[Recorded data — start]

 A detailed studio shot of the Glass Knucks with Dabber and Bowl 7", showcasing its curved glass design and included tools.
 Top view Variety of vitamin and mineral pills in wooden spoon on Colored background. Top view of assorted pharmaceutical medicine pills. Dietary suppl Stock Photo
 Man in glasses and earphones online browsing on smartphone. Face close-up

[Recorded data — finish]
[Recorded data — start]

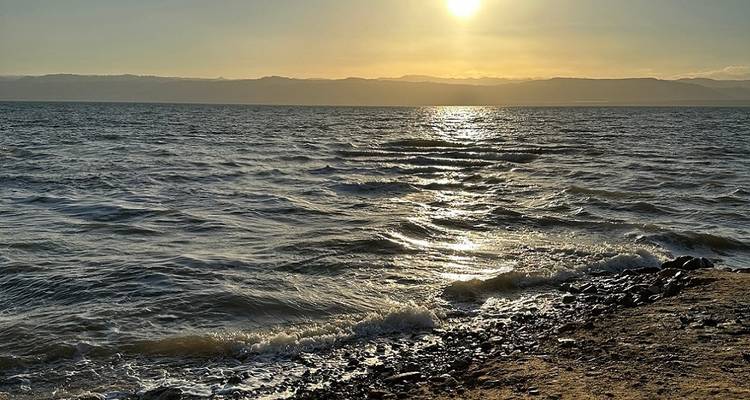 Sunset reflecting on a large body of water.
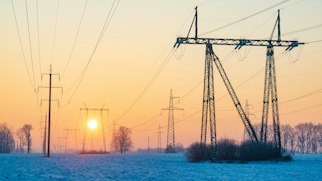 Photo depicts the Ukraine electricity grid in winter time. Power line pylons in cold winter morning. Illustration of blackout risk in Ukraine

[Recorded data — finish]
[Recorded data — start]

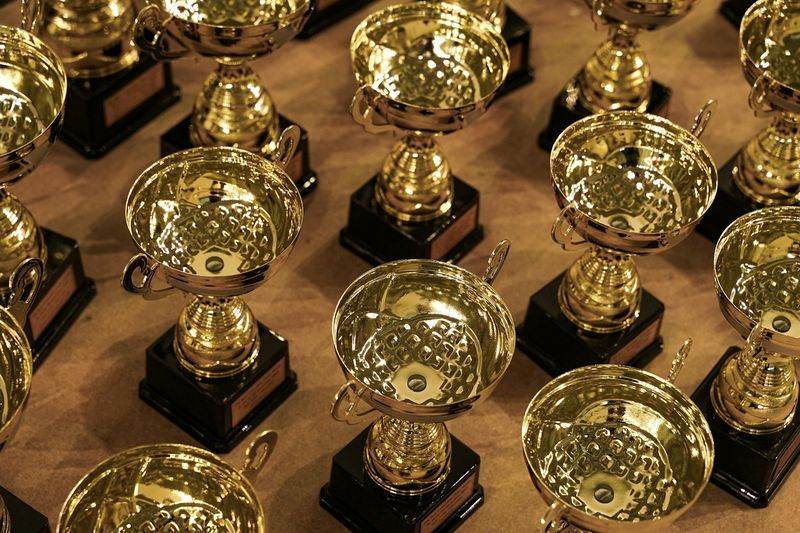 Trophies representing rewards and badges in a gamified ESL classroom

[Recorded data — finish]

Reproduce exactly the stretch of the material above that starts at the line with "A detailed studio" and ends at the line with "Man in glasses", both included, and nothing else.

Answer.
 A detailed studio shot of the Glass Knucks with Dabber and Bowl 7", showcasing its curved glass design and included tools.
 Top view Variety of vitamin and mineral pills in wooden spoon on Colored background. Top view of assorted pharmaceutical medicine pills. Dietary suppl Stock Photo
 Man in glasses and earphones online browsing on smartphone. Face close-up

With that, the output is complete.